Palma.—Spain is not impressed by the way it is being spoken to by the German Chancellor Angela Merkel .
This week, Merkel, under fire at home for handing billions of euros to Greece, Ireland and Portugal while raising retirement ages for Germans, said that holiday and pension rules in Europe need to be unified. “(People) in countries like Greece, Spain and Portugal should not retire earlier than in Germany. “We should all make the same efforts, this is important,” she told a party event in Meschede, western Germany. “We cannot have a currency (the euro) with one person getting lots of holiday and another person very little. Long term this can't work,” she said.
More holidays
Her comments raised hackles across southern Europe, with many media producing figures showing Germans and other north Europeans actually enjoyed more holidays.

Spaniards also took offence, saying Merkel chose to ignore their sacrifices in the face of severe austerity measures and high unemployment to get out of an economic crisis. “According to the latest OECD figures for April, the Germans work a total of 7 hours and 25 minutes a day and the French one minute longer, while the Spaniards work almost eight hours a day,” said state RTVE television.

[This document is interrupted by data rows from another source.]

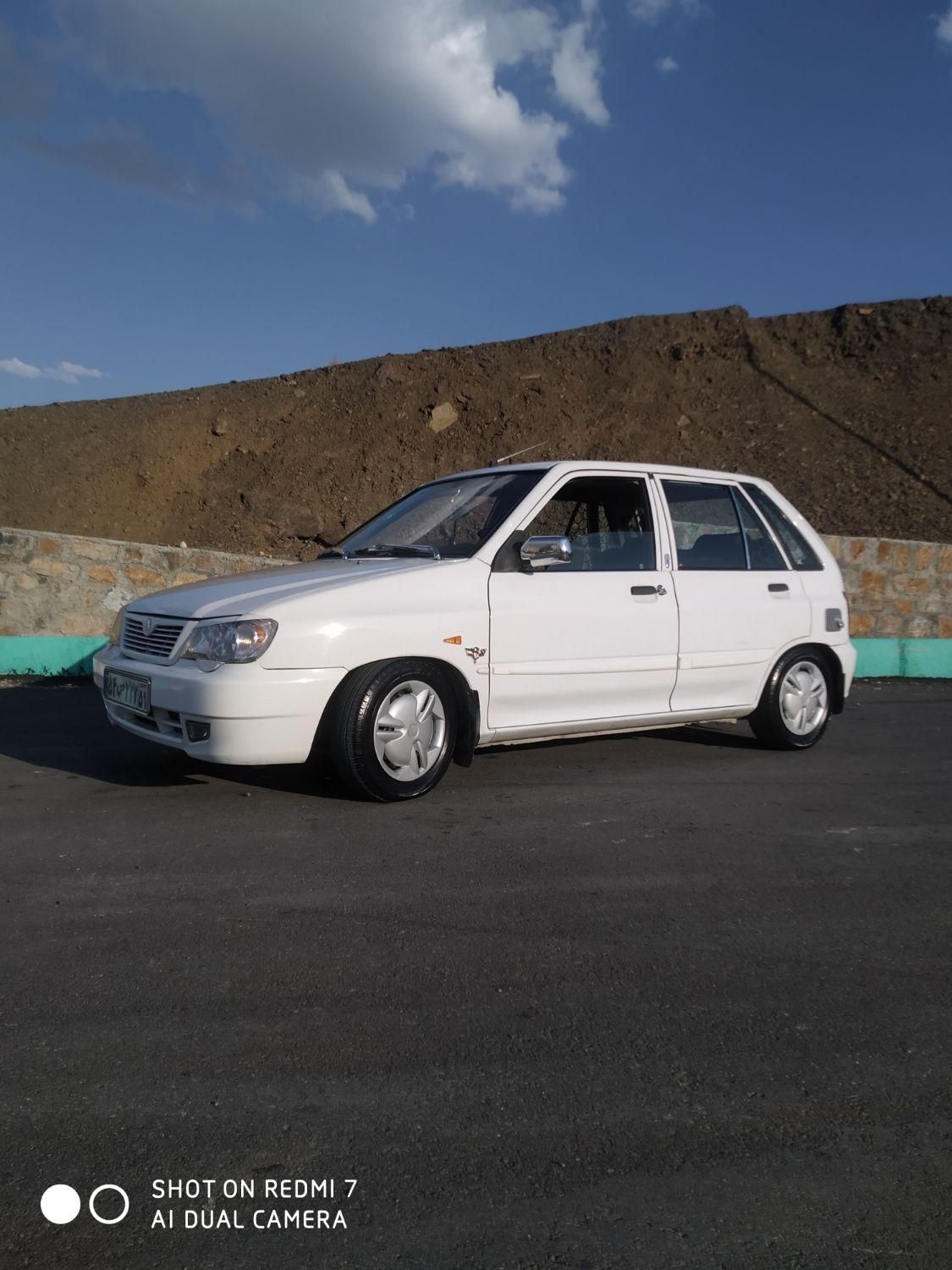 پراید 111 SL - 1389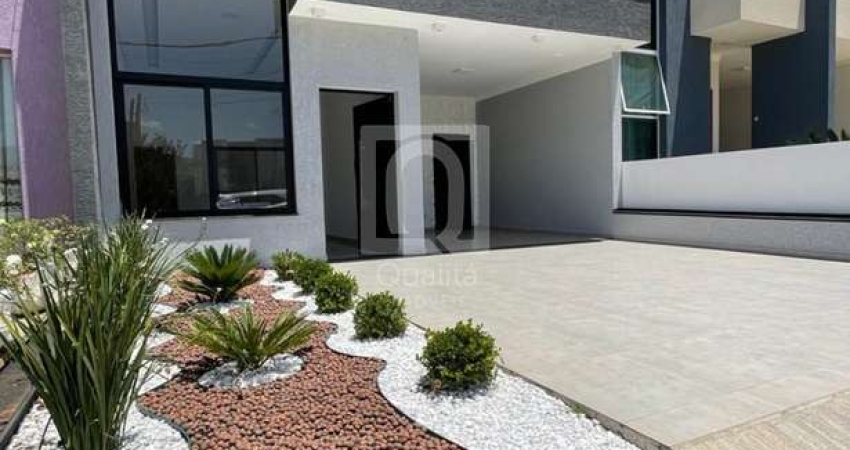 Linda Casa Térrea em Sorocaba - SP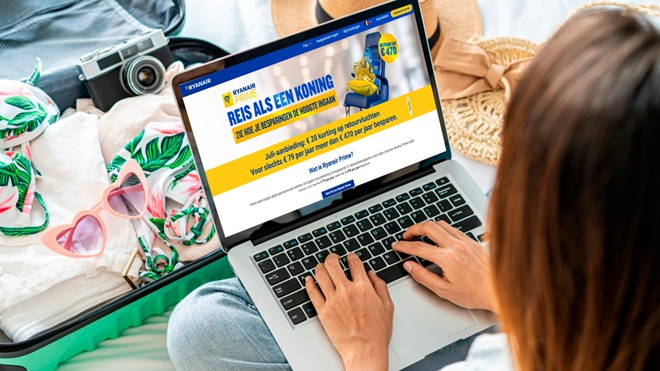 Ryanair Prime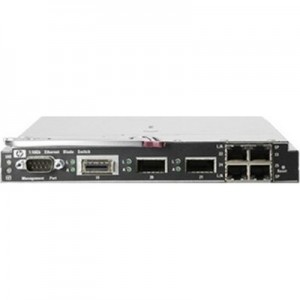 712497-B21 Mellanox IB QDR/FDR10 36P Managed Switch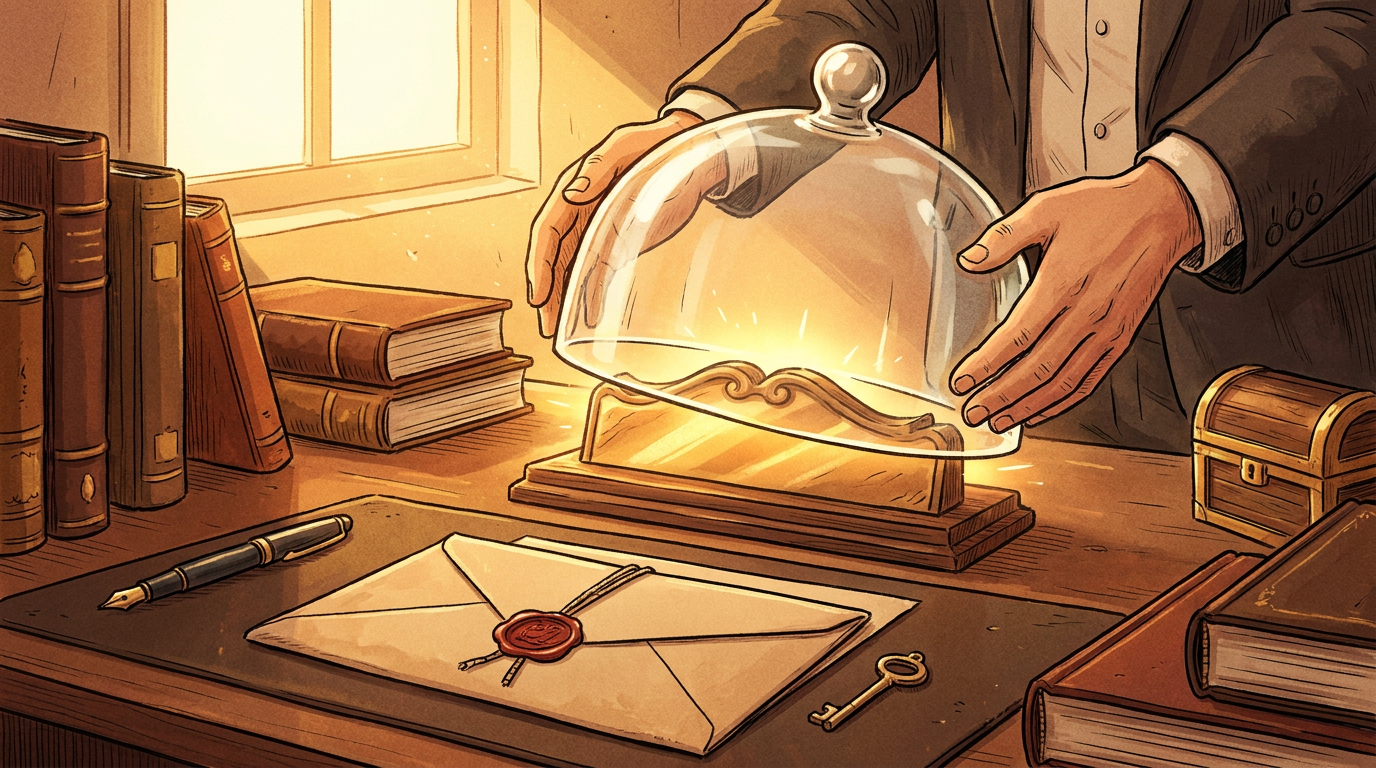 Illustration de l'article « Protéger son nom : du patronyme à la marque déposée »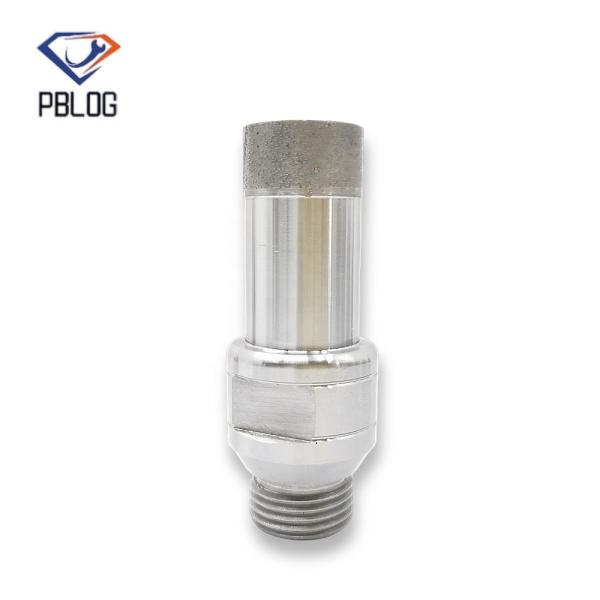 Desktop Drilling Machine Hand Drill Glass Diamond Bit
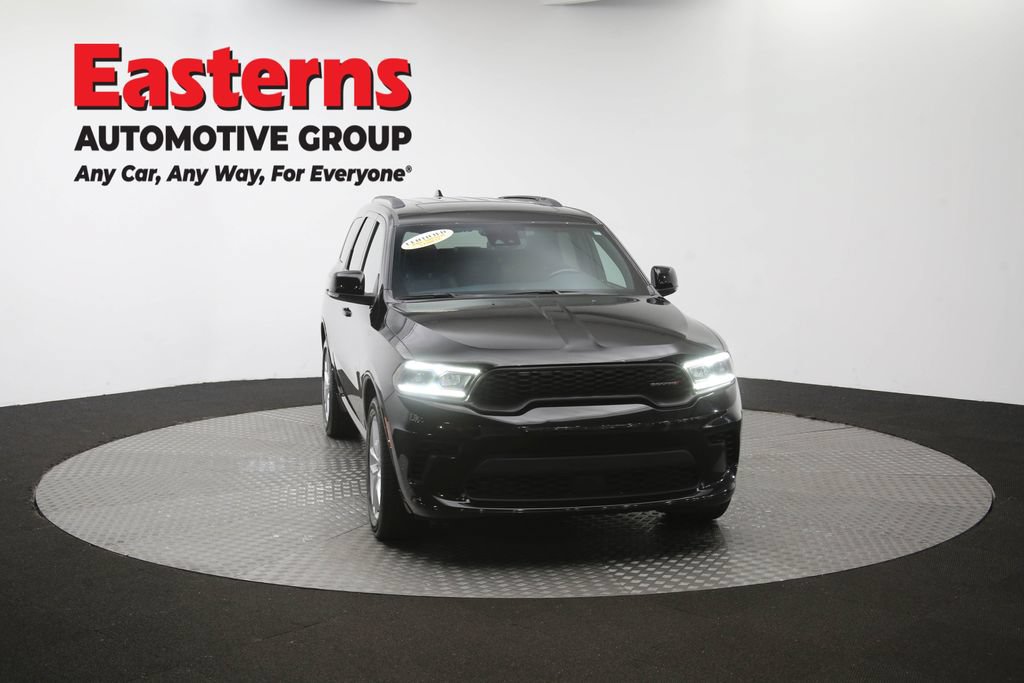 Used 2024 Dodge Durango GT RWD image 53
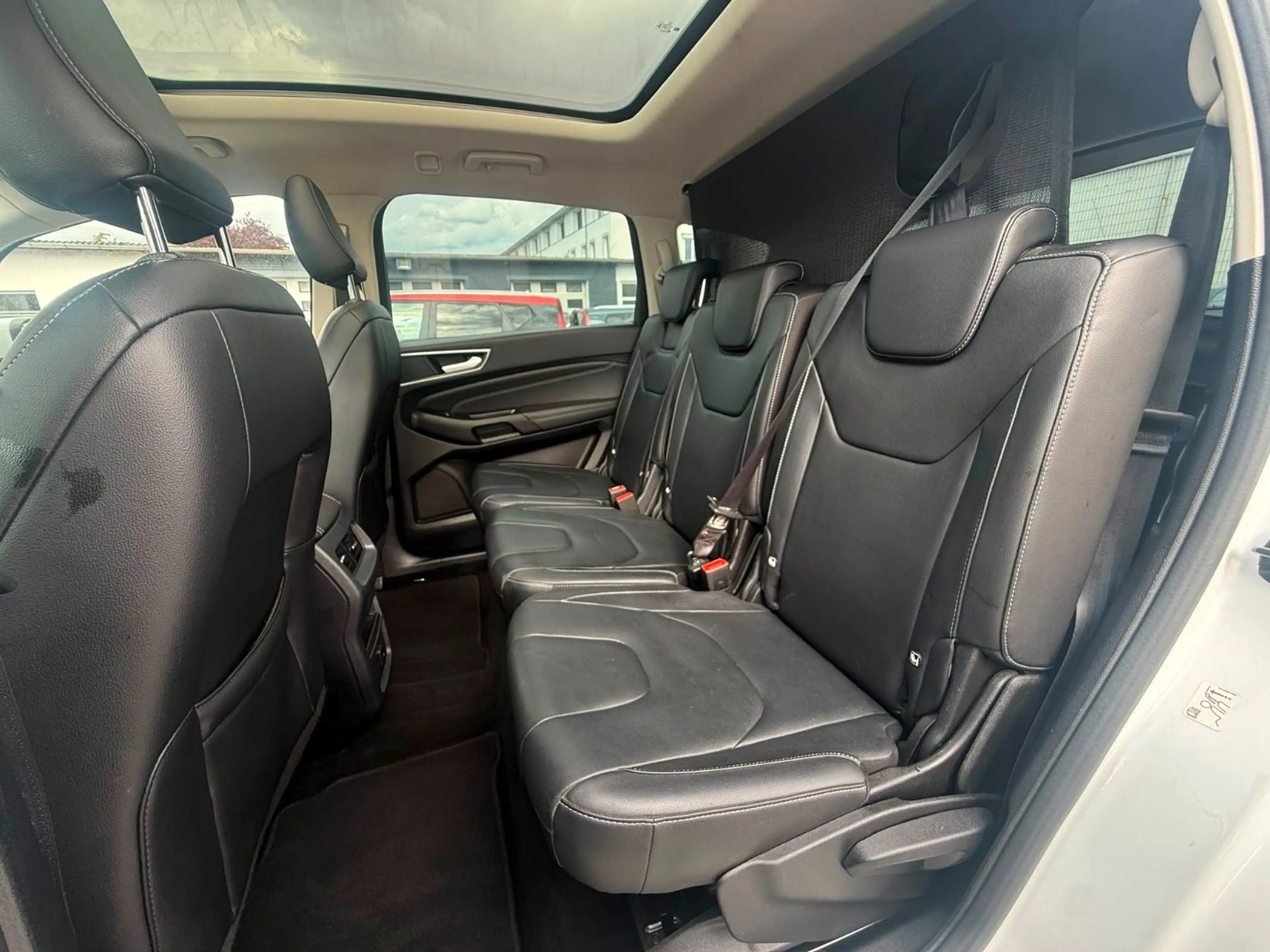 Ford S-Max S-MAX Titanium|7-Sitzer|Leder|Panorama|Standhzg — photo 13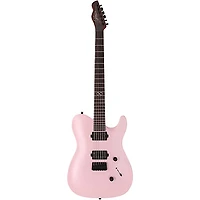 Chapman ML3 Pro Modern Electric Guitar Coral Pink Satin Metallic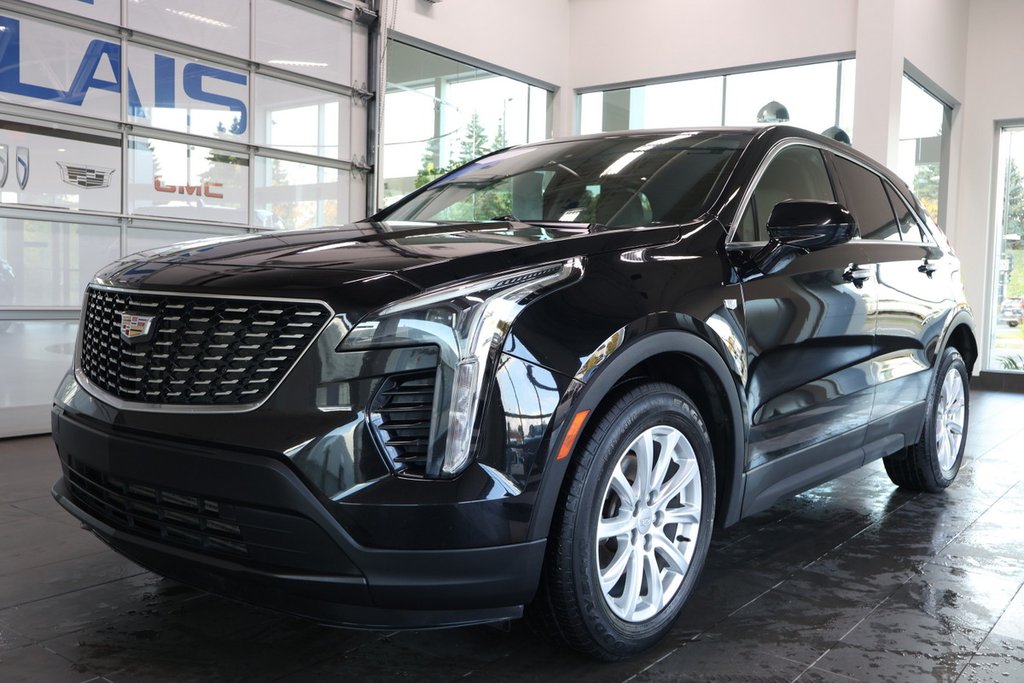 Cadillac XT4  2019 à Montréal, Québec - 1 - w1024h768px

Labour union officials and media in several countries produced figures from statistics agencies showing Germans actually take more holiday than most Europeans and retire on average about the same time as others.

Germans take on average 30 days of holidays a year, compared to 22-25 in Portugal, 23 in Greece and 22 in Spain.
There are 10-12 national holidays in Italy, Greece, Spain and Portugal while Germans enjoy just 9 and Slovakia has 15.
Perhaps Merkel was not aware of the debate to scrap siestas in Spain so the country's businesses are working more European hours, and the unpopular extension of the pension age. German tourists would be best to keep their opinions to themselves.